Walhi Aceh memprediksi bencana alam Aceh tidak akan berakhir tiap bulan/tahun jika kesalahan pengelolaan dan pelestarian hutan dan lahan tidak ada perbaikan, begitu juga komitmen pemerintah untuk mempertahankan hutan dan lahan mesti menjadi agenda utama jika tidak ingin Aceh mengalami kerugian bencana tiap tahun.
Dari berbagai kajian yang dikeluarkan oleh berbagai organisasi dan badan publik lainnya, kata M. Nur, wilayah tengah Aceh merupakan wilayah rawan bencana longsor dan banjir bandang, tetapi dalam praktek di lapangan sering juga membuka ruas jalan baru yang justru mempercepat bencana.
Walhi juga mempertanyakan dana Rp17 triliun tiap tahun yang dikelola Pemerintah Aceh, berapa persen dipakai untuk menghadapi bencana dan mitigasinya.
“Kami menduga dana sebesar itu hanya dipakai untuk operasional badan-badan publik, berapa besar komitmen para pihak strategis mempertahankan tutupan hutan dari kehancuran setiap tahun,” sebutnya.
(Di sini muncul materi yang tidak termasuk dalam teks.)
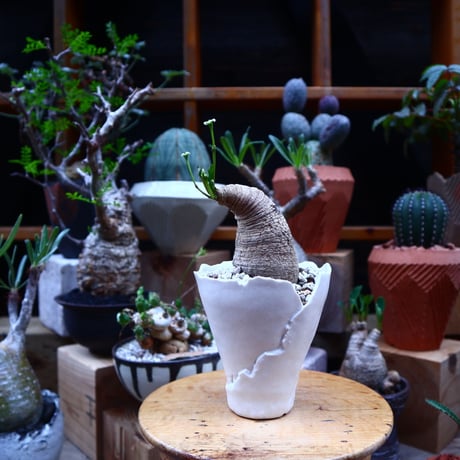 ユーフォルビア  旧フィッシュボーン／Euphorbia spannringii    no.71825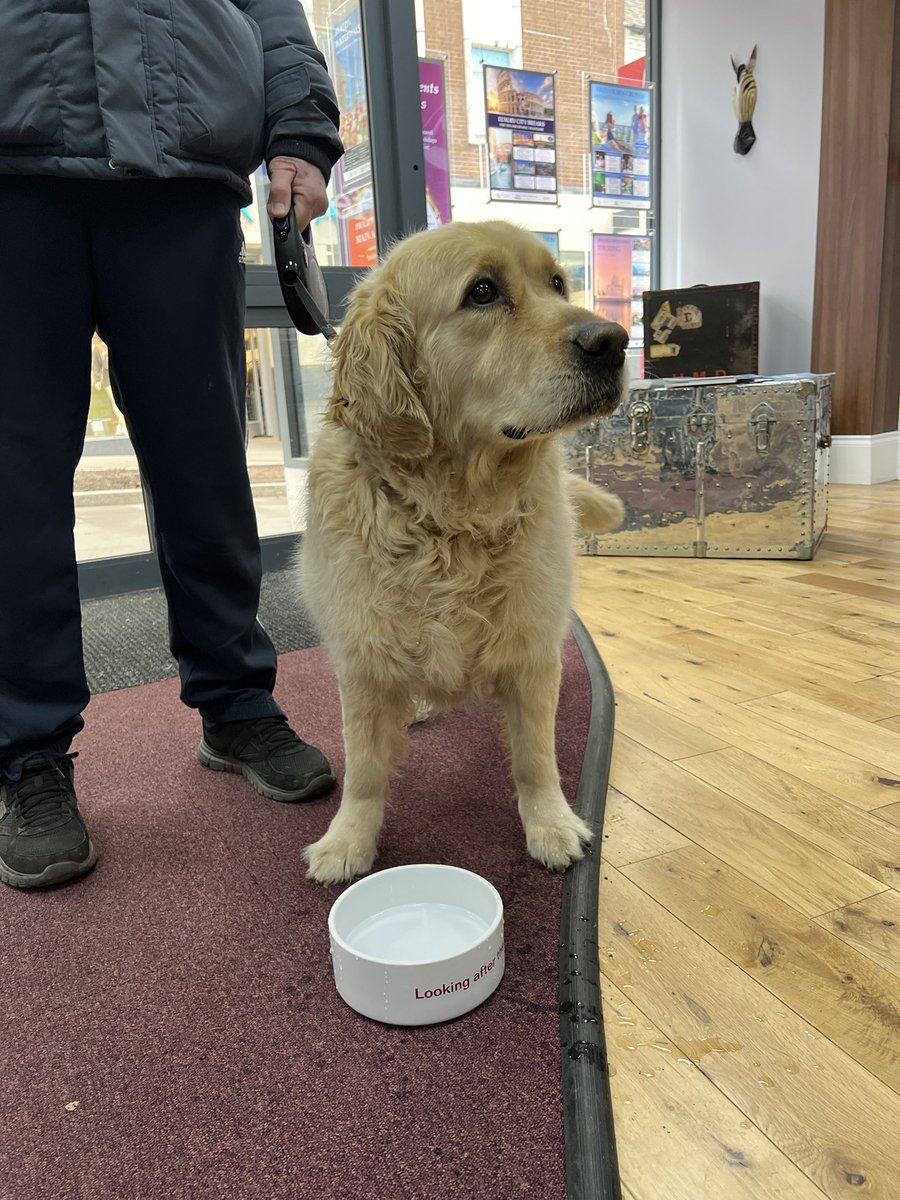 Love this time of year in the travel industry. Out visiting shops, staff buzzing and customers plentiful and excited to be booking. Made plenty of teas and coffees, filled our dog bowl for Charlie and even fixed a toilet. Love it!!!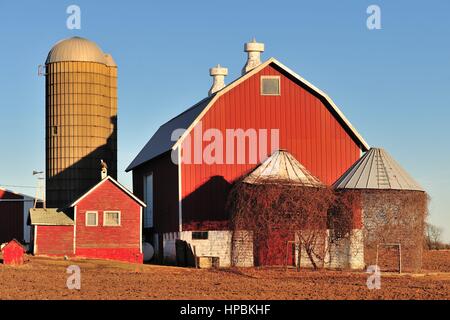 Auf einem hellen Winter Tag, eine rote Scheune, Silos und leeren Speicher Kinderbetten erwarten Frühling vor einem Bauernhof in der Gemeinschaft von South Elgin, Illinois, USA. Stockfoto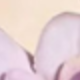 58807 Purple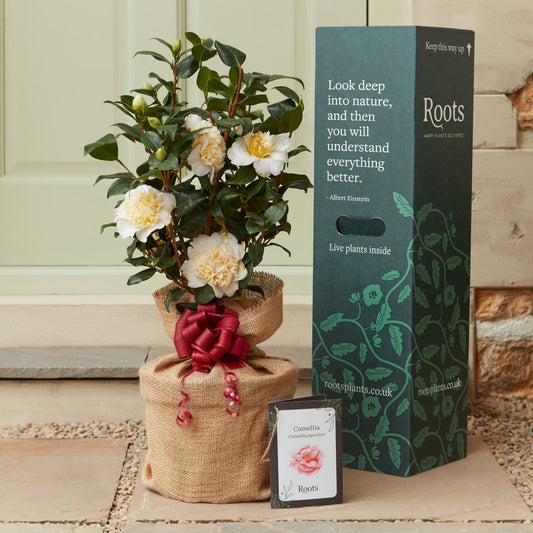 Camellia Plant Gift Gift Option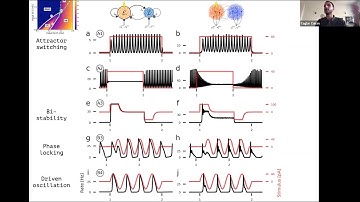 Talk: Biophysically grounded mean-field models of neural populations under electrical stimulation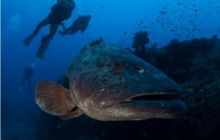 RPA + Mozambik - marzec 2010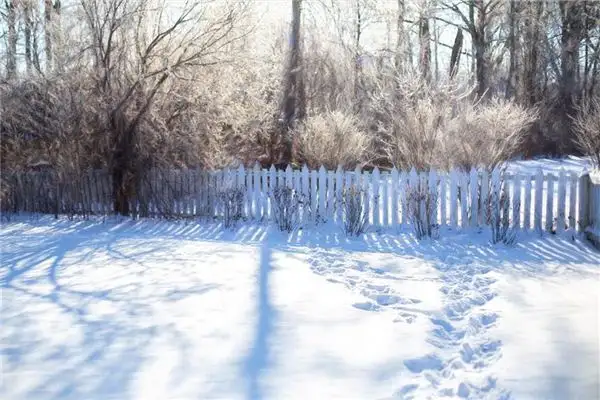 Dream Interpretation of Snow with Footprints or Melting in Your Sleep - NuvoraDream-DreamDecode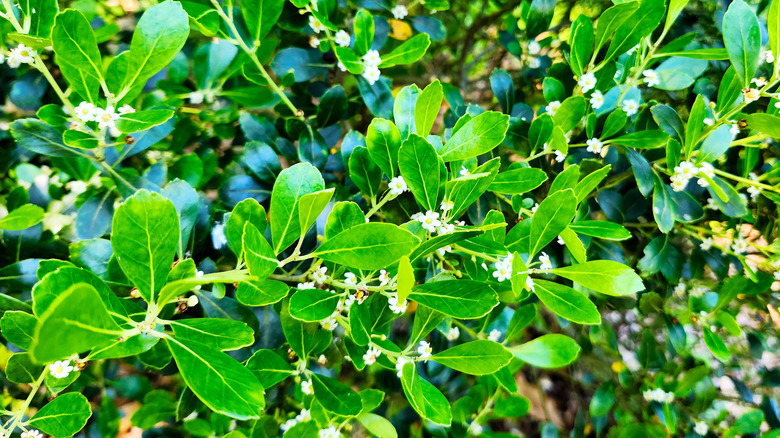 Inkberry shrub in bloom with small white flowers.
Catatan Walhi Aceh, deforestasi hutan tiap tahun rata-rata mencapai 16.000 hektare dengan rincian hasil illegal logging, membuka kebun, membuka ruas jalan, dan kegiatan pertambangan secara illegal maupun legal, belum lagi perusakan bantaran sungai yang cukup tinggi di sepanjang sungai, sehingga sungai kehilangan fungsinya dengan baik ketika musim hujan.